Moving from concept to delivery was complicated, in at least one case, by the marketer's submission of an overly aggressive claim for a TV spot for its push-to-talk service, a walkie-talkie function offered by competitors such as Nextel. One spot promoting the service had to be pulled when Nextel in September sued Verizon Wireless, alleging false advertising for claiming that Verizon Wireless' network was the best and most reliable.

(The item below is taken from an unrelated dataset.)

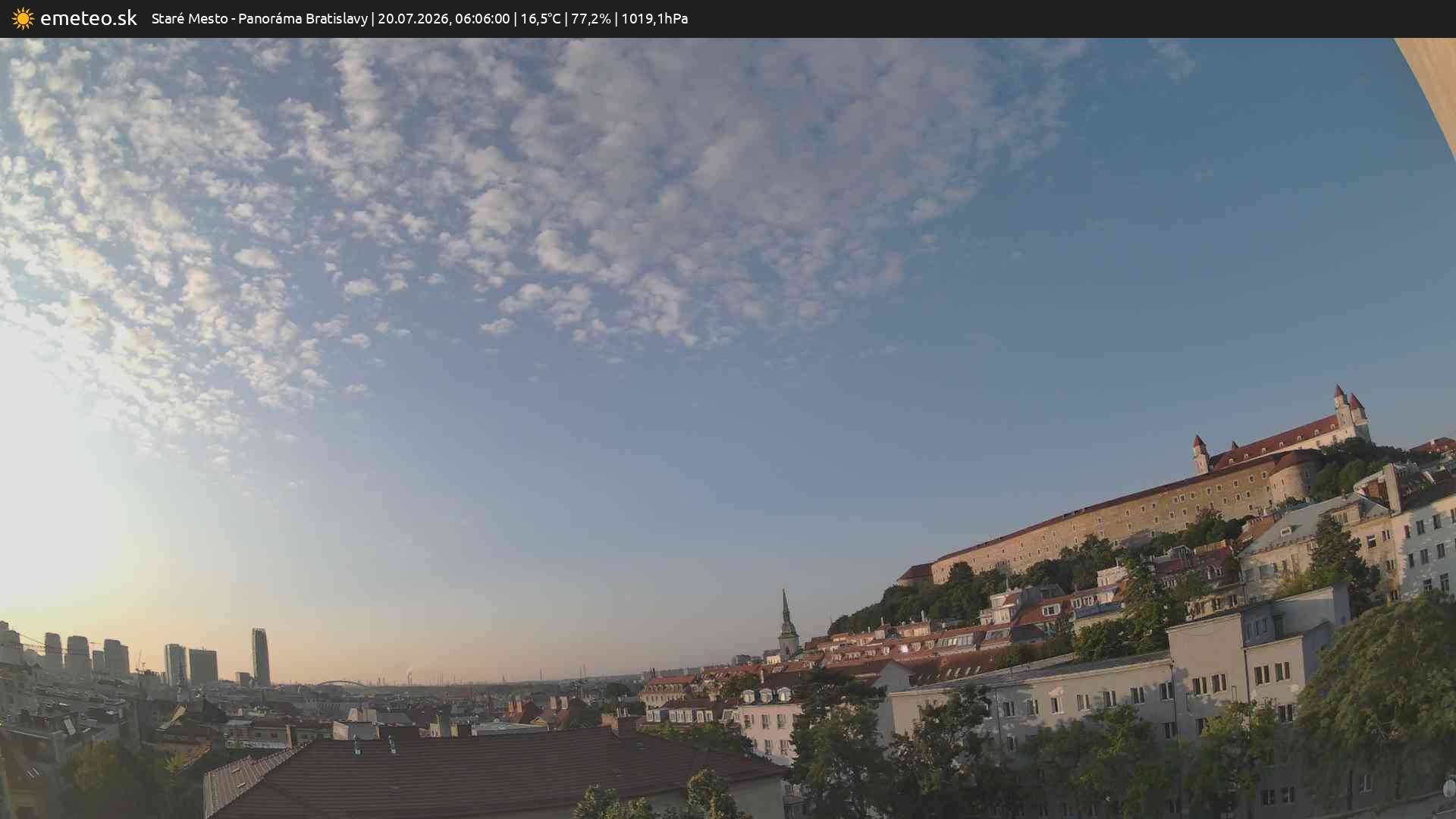 Panoráma Bratislavy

By early fall, Interpublic CEO Mr. Bell stepped in, calling on four Interpublic agencies (McCann-Erickson, New York; Hill Holliday, New York; The Martin Agency, Richmond, Virginia; and Deutsch, New York) to help on Verizon Wireless. Martin and Deutsch opted out of the project. Hill Holliday dropped out after a short time, leaving McCann-Erickson and Lowe. Throughout December, the two siblings were pitted in a competition to win a product introduction project. McCann prevailed.
Still, Verizon Wireless' decision, announced late Jan. 16, to open a review beyond Interpublic agencies was unexpected. One executive familiar with the scenario said that in a meeting the week of Jan. 5 between Verizon Wireless CEO Denny Strigl and Interpublic's Mr. Bell, Mr. Strigl informed Mr. Bell the marketer was unhappy.
Meanwhile, Mr. Strigl's top marketing executive, John Stratton, according to executives, wanted to move entirely to McCann, which Mr. Strigl did not champion, reasoning it made no sense to be limited to Interpublic. Verizon Wireless is interviewing consultants to handle the review. McCann will lead the Interpublic effort.